Exact copies of all the lines below are needed, without the pictures.

### Data below:

★ ★ ★ ★

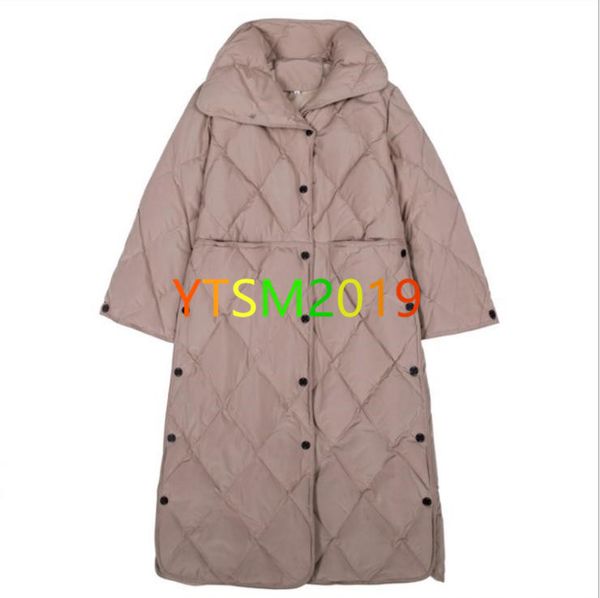 

down coat for ladies lapel neck down jacket fashion white duck down-filled coat winter jackets windbreaker, Black
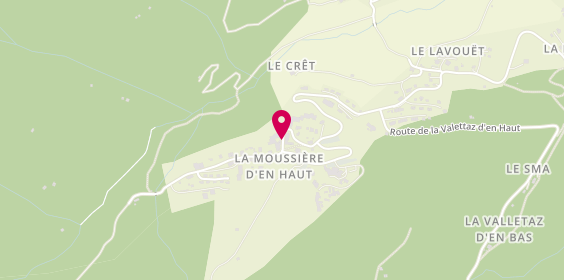 Plan de Alpeslocation.com, 2932 Route de la Moussiere d'En Haut, 74430 Saint-Jean-d'Aulps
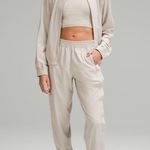 Lululemon Tearaway Mid Rise Track Pant Joggers Jogging Pants Mojave Tan 12 NWT Photo 1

★ ★ ★ ★

### Solved problem:
down coat for ladies lapel neck down jacket fashion white duck down-filled coat winter jackets windbreaker, Black
 Plan de Alpeslocation.com, 2932 Route de la Moussiere d'En Haut, 74430 Saint-Jean-d'Aulps
 Lululemon Tearaway Mid Rise Track Pant Joggers Jogging Pants Mojave Tan 12 NWT Photo 1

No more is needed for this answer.